Powerful performances by five good actors also make Humpty Dumpty well worth its ticket price. Eric Bogosian wrote this two-act drama--about city folk who fall apart in a crisis far from home--as a reaction to the Y2K scare, but it's gained an even eerier relevance since 9/11 and seems almost too prescient in the wake of the recent Hurricane Katrina disaster. Second Thought Theatre's production marks the play's Southern premiere.

Two young and gorgeous media-centric couples--Nicole and Max, Spoon and Troy--descend on an expensively renovated barn in upstate New York for a winter week's vacation. Juggling cell phones, laptops and handhelds, they revel in their superiority over the hicks in the sticks. They admit to reading People and watching the Oscars, but, says Max (Steven Walters), "When we do it, it's ironic."

Max is a struggling writer with one New Yorker short story in print. Wife Nicole (Meridith Morton) edits other writers for a big publishing house. Troy (Derek Phillips) is a slick L.A. guy who churns out dumb screenplays and hopes Nicole will option his novel. Actress-girlfriend Spoon (Elise Reynard) contorts into yoga poses and babbles about trying to "realign" by "taking a little break from alcohol."

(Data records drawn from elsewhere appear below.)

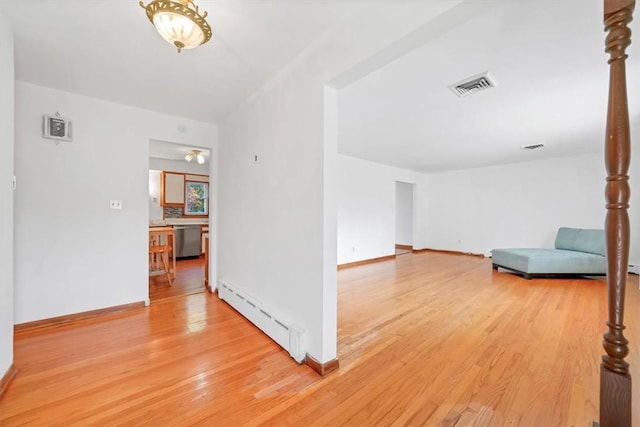 corridor featuring light wood-type flooring and a baseboard heating unit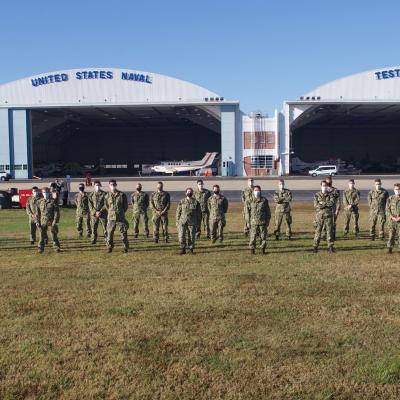 A group of aerospace engineering midshipmen from the United States Naval Academy toured Naval Test Wing Atlantic Nov. 9, 2020, an annual event sponsored by Prof. Robert Niewoehner (third from right), a former F-14 Tomcat test pilot and a graduate of the U.S. Naval Test Pilot School.
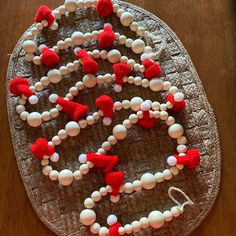 a cake with red and white decorations on it sitting on top of a wooden table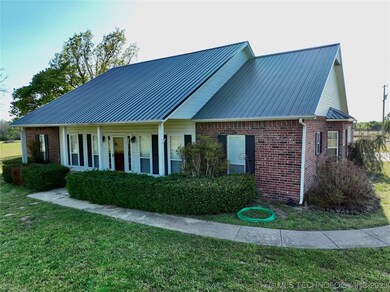 Front of home with sidewalk leading to driveway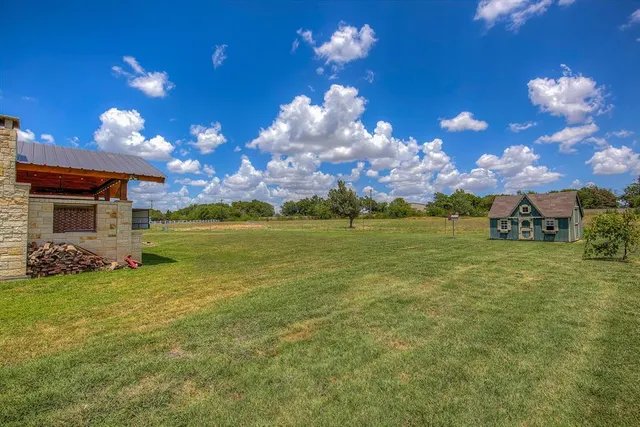 a view of a house with a big yard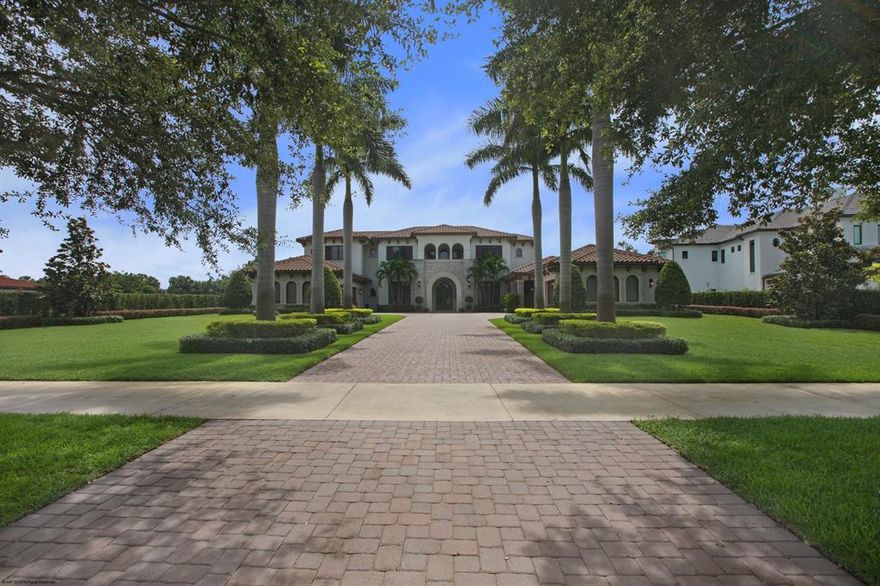 A commanding presence on the most sought-after street, this large yet comfortable home, new in 2013, has been stylishly updated and tastefully refined.  Beautifully manicured with over three-quarters of an acre with golf course and water views.  Impressive palm tree-lined driveway leads to a beautiful entryway lined in stone and cedar.  An entertainer's dream inside and out.  Boasting a bright, airy, and open floorplan with French travertine, the ultimate summer kitchen with sitting area, dining area, and bar, and sprawling backyard.  This home is designed for indoor-outdoor living.  Master suite downstairs, with plush carpet and sitting area with fireplace.  His and hers bath areas befitting a home of this caliber.  Your perfect kitchen features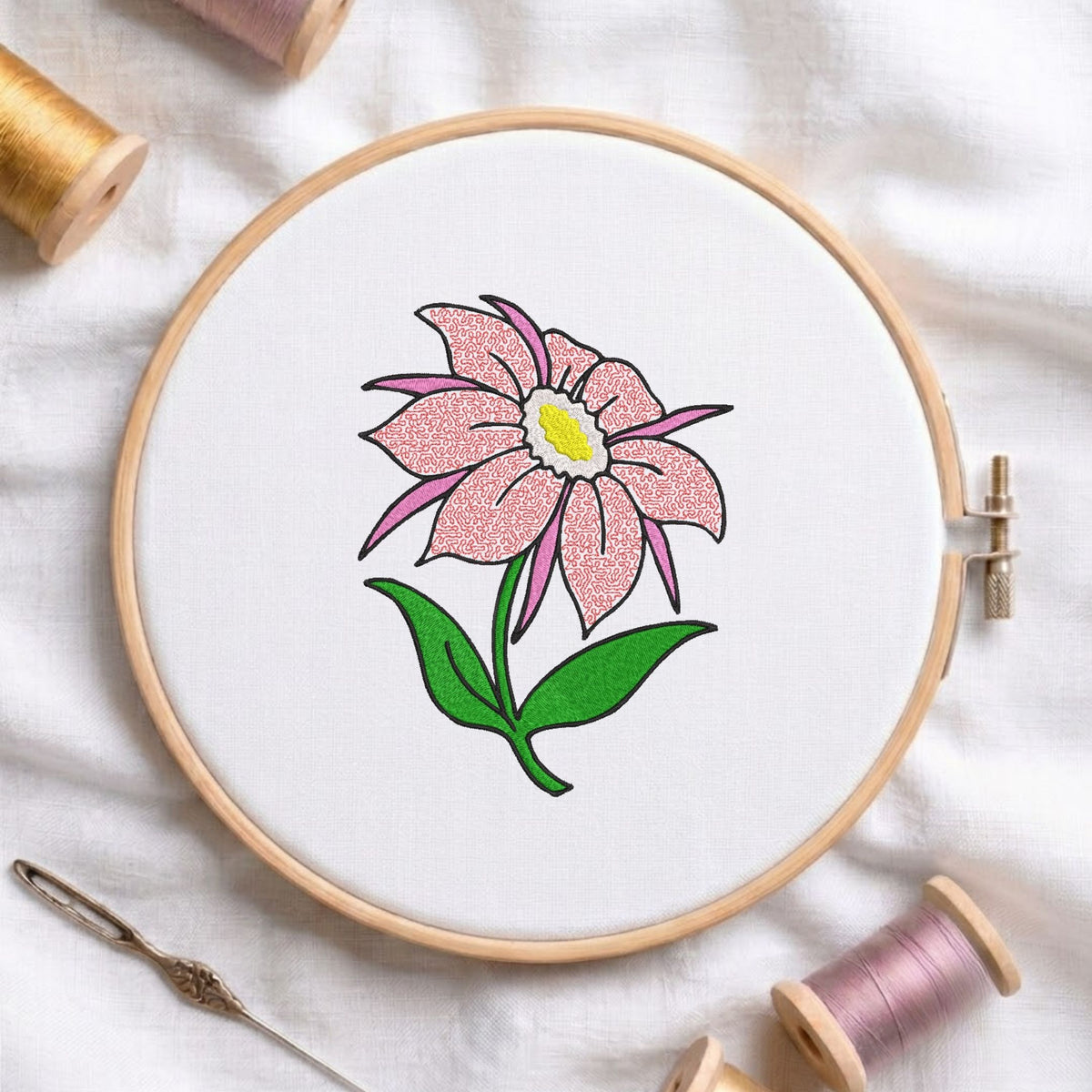 Pink flower machine embroidery design displayed in a wooden hoop on white fabric with thread spools and a needle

They are a quartet of obnoxious pretensions. Nibbling edamame, gourmet cheeses and caviar, the couples joke about throwing an orgy in their mountain hideaway. But before any clothes come off, the lights go off in a mysterious power failure. A creepy-humpy caretaker named Nat (Robert Prentiss) shows up with lanterns, candles and a big, sharp axe for cutting firewood. And from there, the play veers off into a rather chatty, post-millennial stopover in the Twilight Zone.

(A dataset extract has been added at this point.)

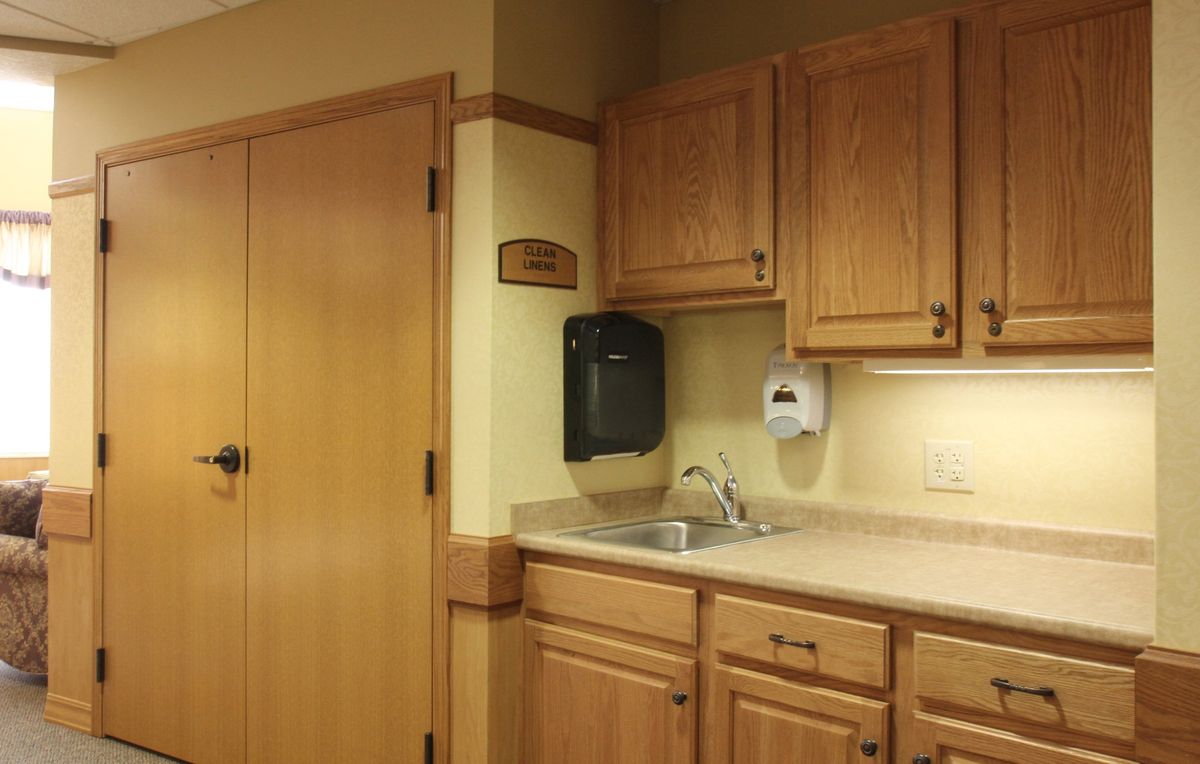 A small kitchen area with wooden cabinets, a sink, and a closed door.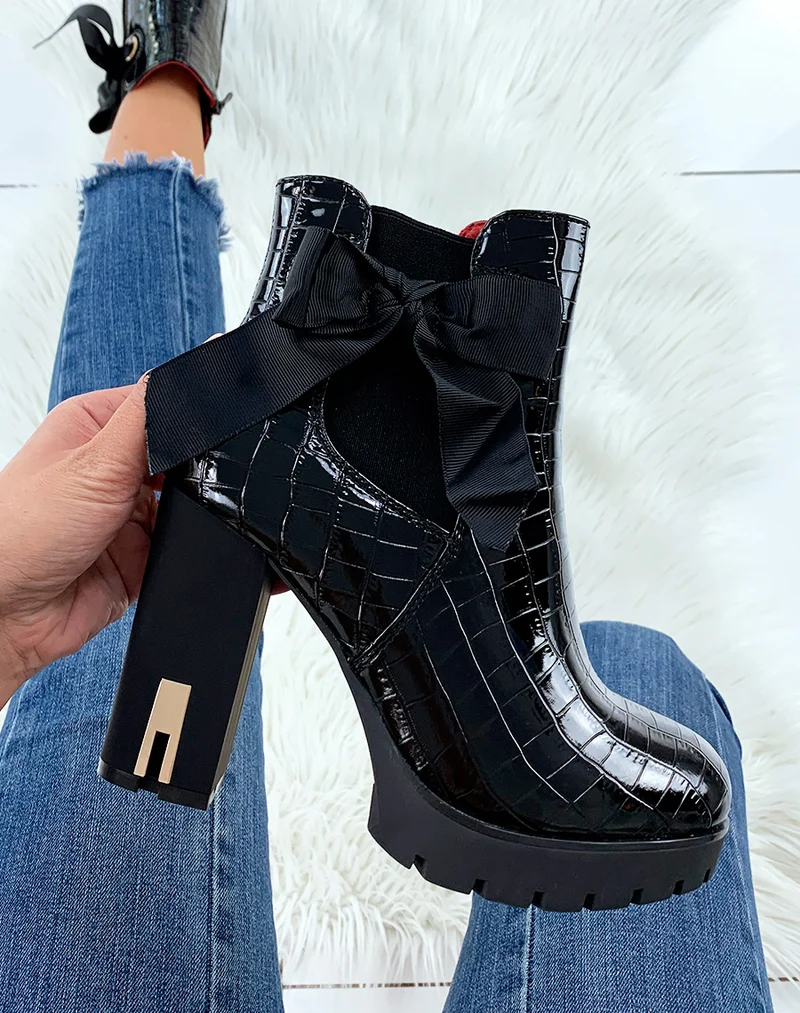 Bottines à talon effet croco verni noir ornées d’un nœud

Bogosian forces these characters to explore their own weaknesses when they're cut off from everything familiar. After weeks go by and there are still no phones or lights, they go a little desperate and crazy. They shiver from cold and live on eggs scavenged by Nat from nearby farms (inspiring Nicole to repeat the nursery rhyme referenced in the title). When the foursome considers leaving, Nat hints ominously at bikers, hillbillies and mountain lions just beyond the front door.

When he wrote it, Bogosian must have thought audiences would find the situation pretty far-fetched. He tosses in mentions of Deliverance, Failsafe and Outbreak just for safe measure. But Humpty Dumpty is all too believable in these days of failing levees and quivering power grids. Except in reality, instead of hillbillies or bikers, it would be CNN's Anderson Cooper lurking outside.

The cast makes their terror palpable, taking their time and building tension to a snapping point. Prentiss, always good playing the strangely attractive loner, gives off a sexy vibe as Nat that fires up scenes with the freaked-out Nicole and the cider-chugging Spoon. In that role, Reynard, who'll soon re-team with Walters as the young couple in Classical Acting's Gift of the Magi, makes a staggeringly impressive transition from happy bimbo to shattered soul. Director Matthew Gray achieves some exciting work with a script that goes a bit long tiptoeing toward its final shock.

Gotta say, with cracking shows like Mr. Green and Humpty Dumpty, we've had a great fall.